Scientists are liars. Here are seven robots that reached for "life-like," and came up with a big handful of your worst nightmares.
The Geminoid was built by Professor Hiroshi Ishiguro of Osaka University. He's used a mold of his own body for the overall shape of the robot, programmed his body language and voice into it, and even implanted his own hair into the android's skull.
Prof. Ishiguro, in summary, would very much like to be killed and replaced by a robot, stopping just short of sending out beautiful, handwritten invitations to the T-1000, requesting its presence at his upcoming All-Night Knife and Choking Party.
The professor often speaks through the robot, rather than personally attending company board meetings. So, perhaps this is a good time to stop bitching about your boss. At least he's not forcing you to pitch your latest project to a dead-eyed robot clone of himself.
Why It's So, So Creepy
On top of the simple implication that we can all be replaced by robots, the Geminoid is mostly creepy because it's not quite an exact replica of Ishiguro. It's more like Ishiguro built a slightly retarded younger brother for himself, giving it a permanent expression of intense confusion and frustration.
It's like the Geminoid is always trying to figure out just what the fuck it's doing here, much like you probably are right now. It also reacts a little too convincingly when they start repeatedly poking it directly in the face, hard. It seems to grow annoyed--almost enraged--but then they stop just short of provoking a killing spree, and it goes right back to puzzling out what the hell all that was about.
This suggests a level of reasoning and consciousness that is intensely disturbing. You probably don't want that robot figuring out that there are two things in this room that can pass for Professor Ishiguro, and only one of them doesn't have to sit in a folding chair getting poked in the face by research assistants for the next 20 years.
Simroid was designed by the Kokoro Company to assist dentists in training--hopefully just with dentistry, and not so much on how to get to third base with an anaesthetized patient. The Simroid has air-controlled muscles for a more fluid, natural movement, soft silicon skin for a more human texture, a limited vocabulary to express her current emotional state, and has been programmed to respond to basic commands. She also has highly sensitive receptors all throughout her mouth, so that she can react to pain in a convincing manner.
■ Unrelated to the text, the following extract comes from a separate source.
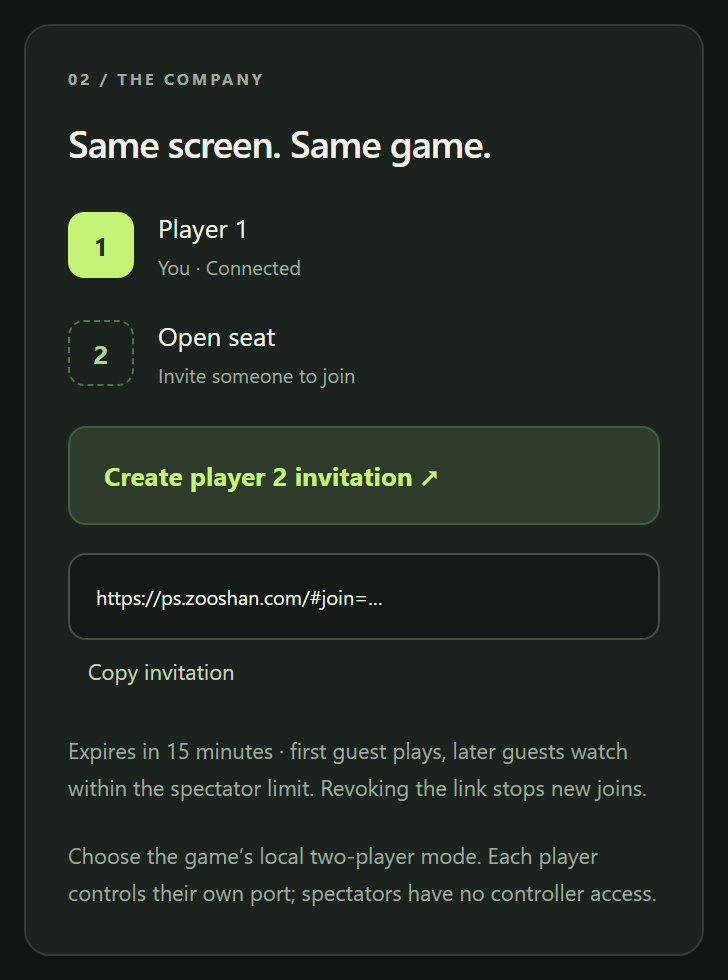 The players panel: Player 1 connected, Player 2 open seat, the Create player 2 invitation button, an invitation link box and a Copy invitation button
In a nutshell: Dentists were sick of causing their fellow human beings even a small amount of pain while training, so they designed a robot that does nothing but feel pain better, and more efficiently.
Why It's So, So Creepy
Even setting aside for a moment the disturbing fact that they've built a robot just to hurt it, Simroid brings to mind some other, seriously creepy possible uses. Let's see if you can guess where we're going with this: She has a lifelike mouth, soft skin, responds in a variety of ways to pressure in her oral cavity ... and has even been equipped with a gag reflex, so she can accurately respond when "instruments are inserted too far into her mouth." In the interest of good taste, we're not even going to say what those "instruments" might be.
(Dicks. It's dicks.)
Albert Hubo was built to commemorate the 100-year anniversary of Albert Einstein's theory of relativity. And what better way to honor such a brilliant and gentle human being than by building a recreation of his head and bolting it to a cartoonish Korean robot in order to impress convention-goers. It was kind of like honoring Gandhi's lifetime of achievements by digging up his corpse and sewing his decomposed face onto a Transformer so it can dance for nickels outside of the arcade.
Why It's So, So Creepy
"The Uncanny Valley" is the term used for the disturbing feeling you get when something is incredibly lifelike and human, but some small aspect or feature of it throws the perception off. Like the jerky way a robot moves that's not quite convincing, the stilting way it talks that's not quite natural or, in this case, the fact that it's only a human head crudely stapled to an anime-style mech. That's not slipping down the Uncanny Valley, that's being jump kicked down the Uncanny Stairwell.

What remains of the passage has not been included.